Dengan pendekatan satir dan nuansa Jepang-Indonesia yang kental, film ini jadi tontonan yang unik dan penuh makna.
Perebutan Jenazah, Fenomena yang Nyata
Kalau dipikir-pikir, konflik seperti yang ada di Berebut Jenazah ini bukan sesuatu yang mengada-ada. Dalam kehidupan nyata, nggak sedikit keluarga yang terlibat dalam sengketa akibat perbedaan keyakinan.
Beberapa kasus bahkan sampai harus melibatkan hukum untuk menentukan siapa yang lebih berhak atas jenazah seseorang.
Sutradara Danial Rifki tampaknya ingin menyoroti sisi ini dengan cara yang nggak menggurui, tapi tetap menyentil realita bahwa terkadang, cinta orang tua bisa berubah menjadi perebutan kuasa saat prinsip dan keyakinan berbeda.
Film ini mengajak kita bertanya: apakah agama yang harus diutamakan dalam pemakaman seseorang, atau justru kehendak dari almarhum itu sendiri?
Drama Satir yang Menggugah Pikiran
Sebagai film dengan genre drama satir, Berebut Jenazah menghadirkan banyak pertanyaan reflektif yang sering dihindari dalam percakapan sehari-hari. Misalnya:
- Apa yang sebenarnya lebih penting: tradisi keluarga atau keinginan almarhum?
- Apakah kematian seseorang seharusnya menjadi ajang perebutan hak atau justru momen persatuan?
- Bagaimana kita bisa lebih bijak dalam menghadapi perbedaan dalam keluarga, terutama di saat-saat yang seharusnya penuh duka?
Film ini berpotensi menjadi ruang diskusi yang menarik bagi penonton.
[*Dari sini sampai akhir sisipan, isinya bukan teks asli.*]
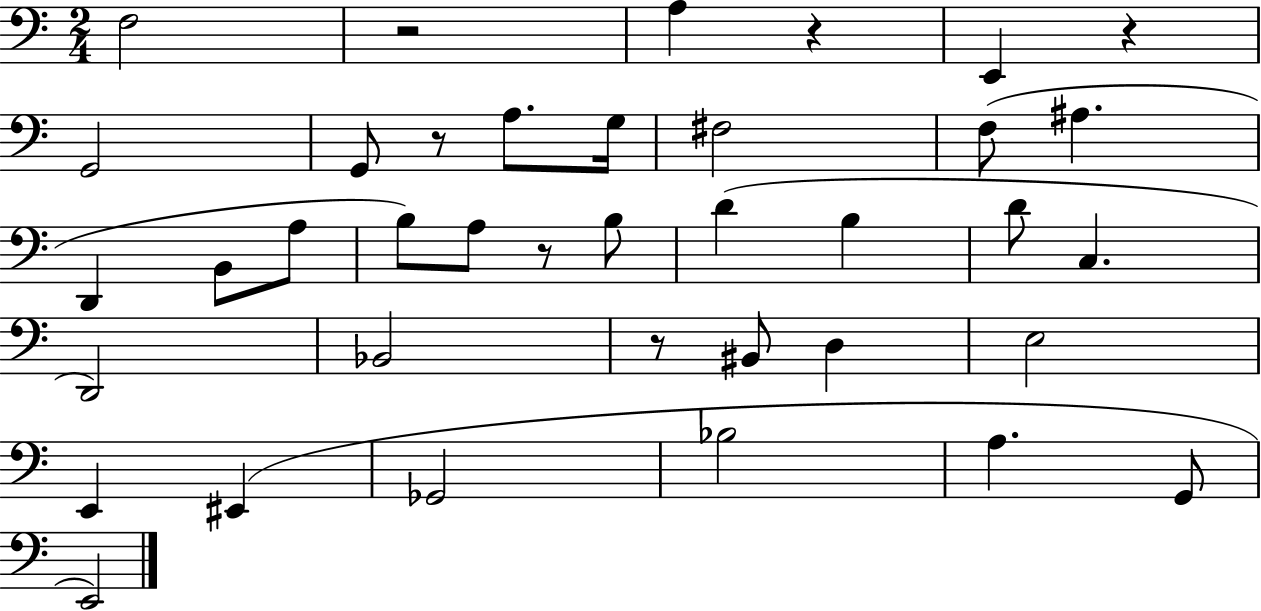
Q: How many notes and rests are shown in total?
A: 38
Lewat karakter dan konfliknya, kita diajak untuk memahami bahwa kematian bukan sekadar soal upacara atau adat, tapi juga soal bagaimana kita menghormati seseorang dengan cara yang benar-benar ia inginkan.
Kenapa Harus Nonton Berebut Jenazah?
Kalau kamu suka film yang nggak cuma sekadar drama keluarga, tapi juga punya pesan sosial yang kuat, Berebut Jenazah bisa jadi pilihan yang tepat. Berikut beberapa alasan kenapa film ini layak masuk daftar tontonanmu:
✅ Isu yang jarang diangkat – Konflik perebutan jenazah di keluarga lintas budaya dan agama masih jadi topik tabu, tapi film ini mengupasnya dengan berani.
✅ Penuh satire dan kritik sosial – Nggak cuma bikin emosional, tapi juga menyentil ego dan fanatisme dalam kehidupan nyata.